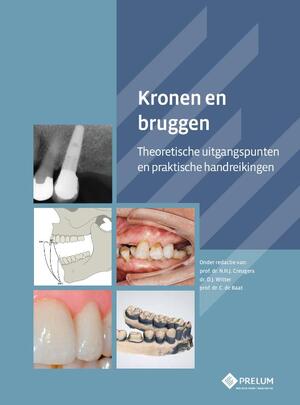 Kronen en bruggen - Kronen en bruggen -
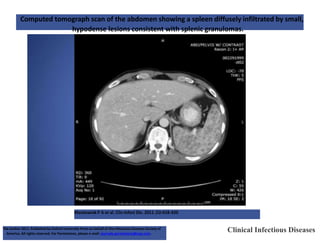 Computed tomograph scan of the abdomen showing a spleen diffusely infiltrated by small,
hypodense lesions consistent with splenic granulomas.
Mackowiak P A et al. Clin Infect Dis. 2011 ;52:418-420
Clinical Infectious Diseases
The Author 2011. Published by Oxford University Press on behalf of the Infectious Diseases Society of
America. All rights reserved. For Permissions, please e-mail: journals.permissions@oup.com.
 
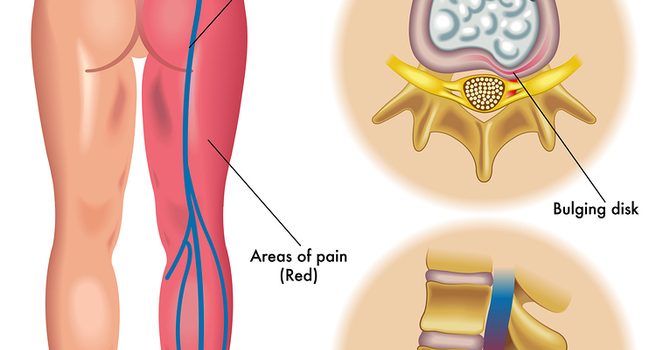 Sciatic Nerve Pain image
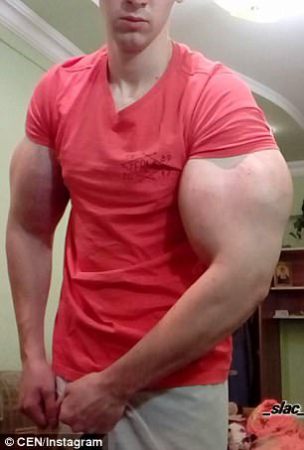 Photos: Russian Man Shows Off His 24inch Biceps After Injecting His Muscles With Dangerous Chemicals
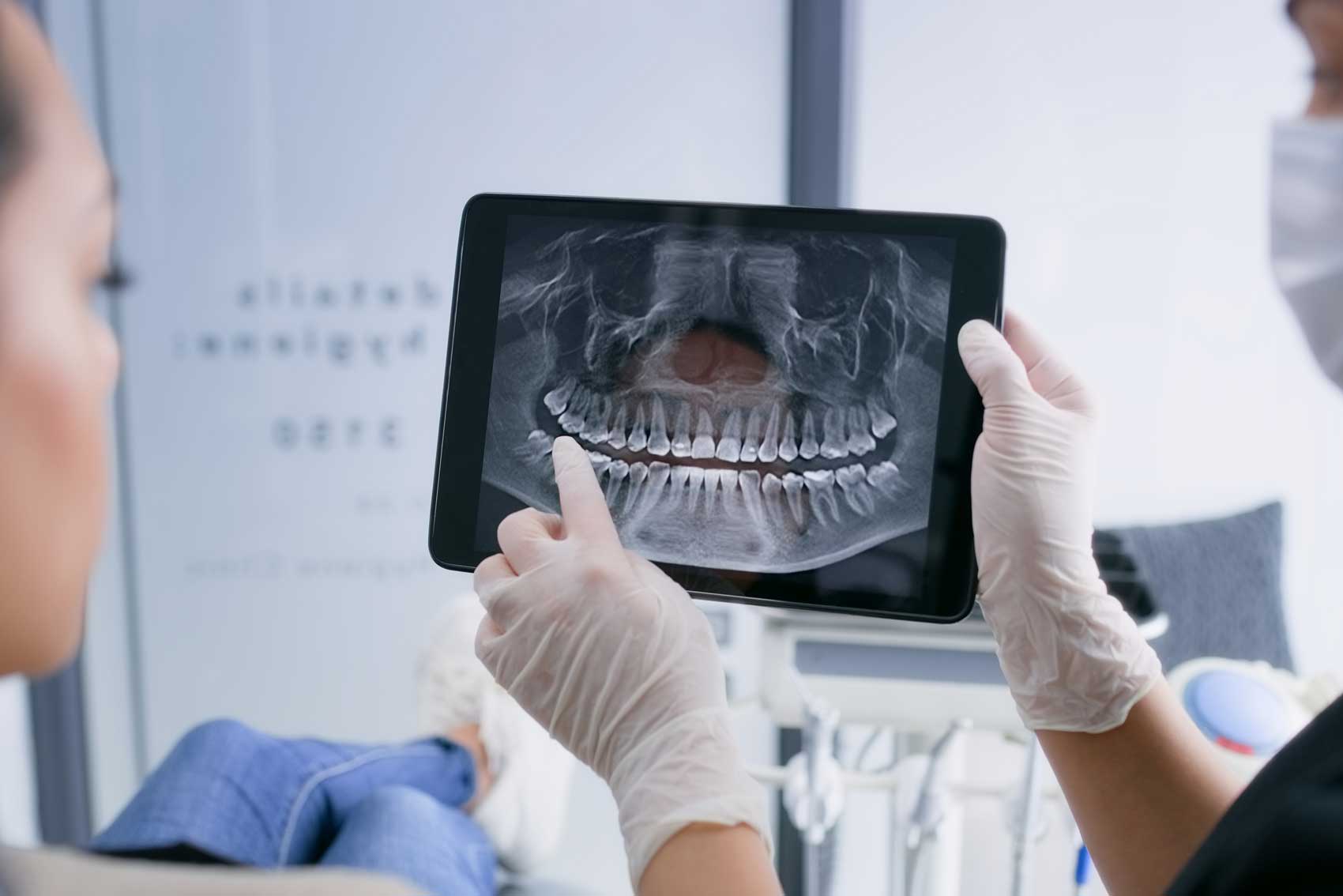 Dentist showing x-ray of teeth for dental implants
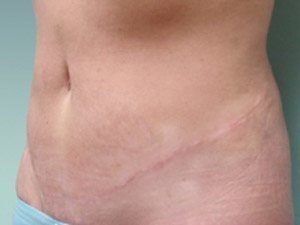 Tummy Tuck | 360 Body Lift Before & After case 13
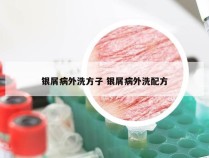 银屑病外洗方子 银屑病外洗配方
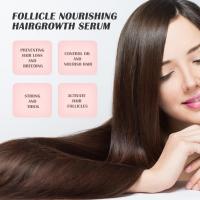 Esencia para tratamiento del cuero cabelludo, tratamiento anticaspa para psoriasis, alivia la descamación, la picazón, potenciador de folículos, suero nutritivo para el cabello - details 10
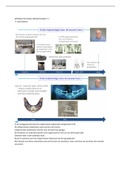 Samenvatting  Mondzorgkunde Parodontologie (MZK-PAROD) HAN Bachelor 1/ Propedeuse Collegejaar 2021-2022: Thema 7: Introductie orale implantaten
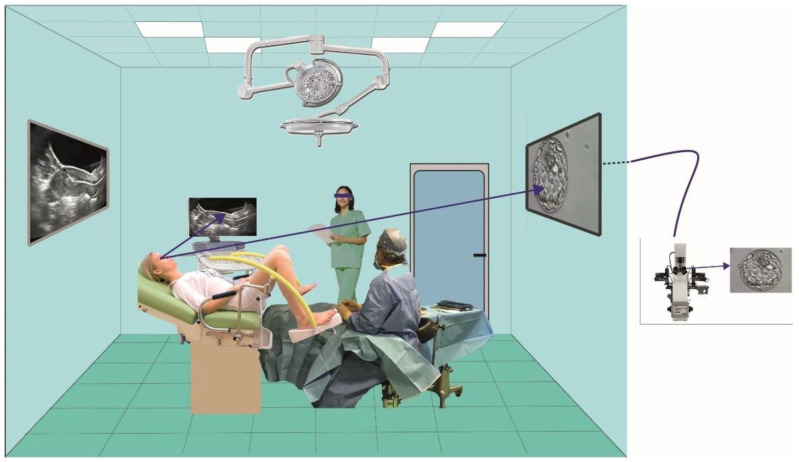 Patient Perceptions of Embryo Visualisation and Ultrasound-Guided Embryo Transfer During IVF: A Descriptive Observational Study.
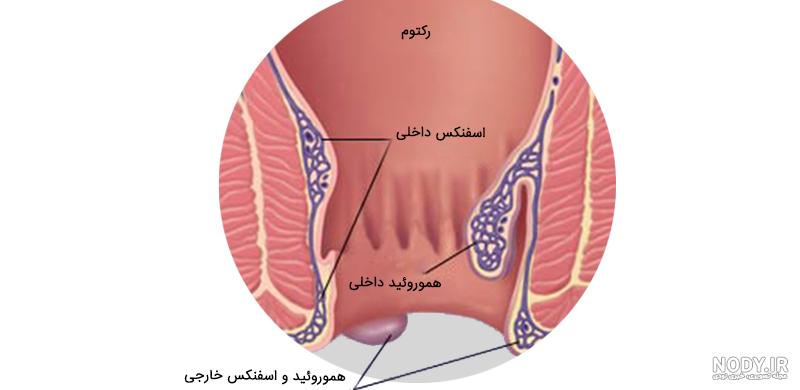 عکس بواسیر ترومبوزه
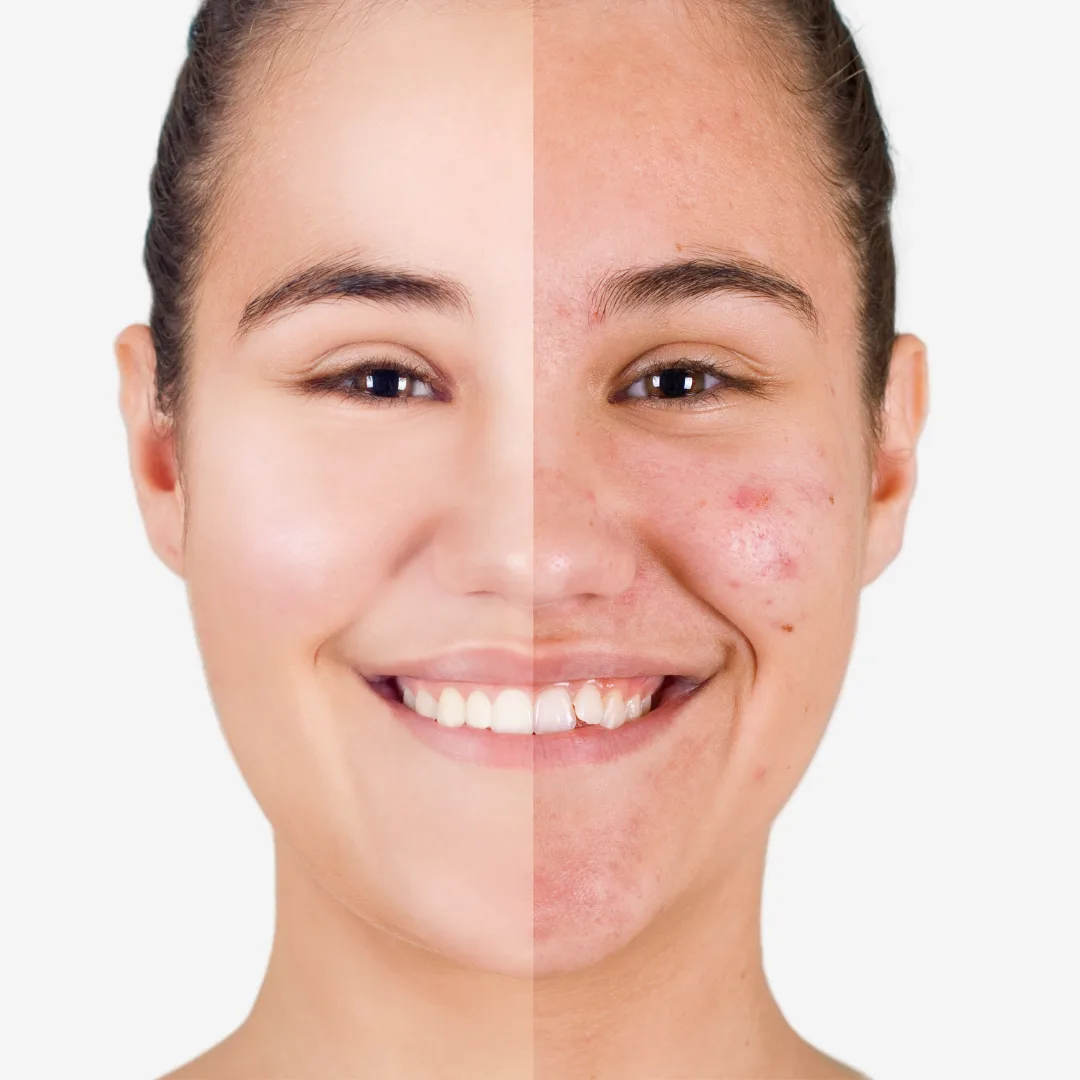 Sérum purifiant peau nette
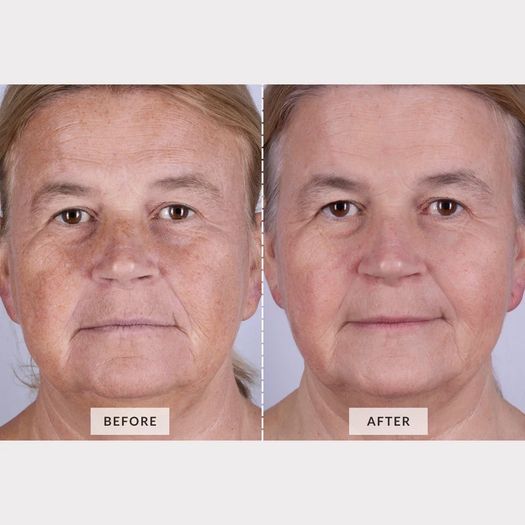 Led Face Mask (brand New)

-*-

- [What you are asked to do]:
All that is needed is an exact copy of the lines from the line with "hypodense lesions consistent" through the end of the listing, both ends included, with no pictures.

- [Response to this exercise]:
hypodense lesions consistent with splenic granulomas.
Mackowiak P A et al. Clin Infect Dis. 2011 ;52:418-420
Clinical Infectious Diseases
The Author 2011. Published by Oxford University Press on behalf of the Infectious Diseases Society of
America. All rights reserved. For Permissions, please e-mail: journals.permissions@oup.com.
 
 Sciatic Nerve Pain image
 Photos: Russian Man Shows Off His 24inch Biceps After Injecting His Muscles With Dangerous Chemicals
 Dentist showing x-ray of teeth for dental implants
 Tummy Tuck | 360 Body Lift Before & After case 13
 银屑病外洗方子 银屑病外洗配方
 Esencia para tratamiento del cuero cabelludo, tratamiento anticaspa para psoriasis, alivia la descamación, la picazón, potenciador de folículos, suero nutritivo para el cabello - details 10
 Samenvatting  Mondzorgkunde Parodontologie (MZK-PAROD) HAN Bachelor 1/ Propedeuse Collegejaar 2021-2022: Thema 7: Introductie orale implantaten
 Patient Perceptions of Embryo Visualisation and Ultrasound-Guided Embryo Transfer During IVF: A Descriptive Observational Study.
 عکس بواسیر ترومبوزه
 Sérum purifiant peau nette
 Led Face Mask (brand New)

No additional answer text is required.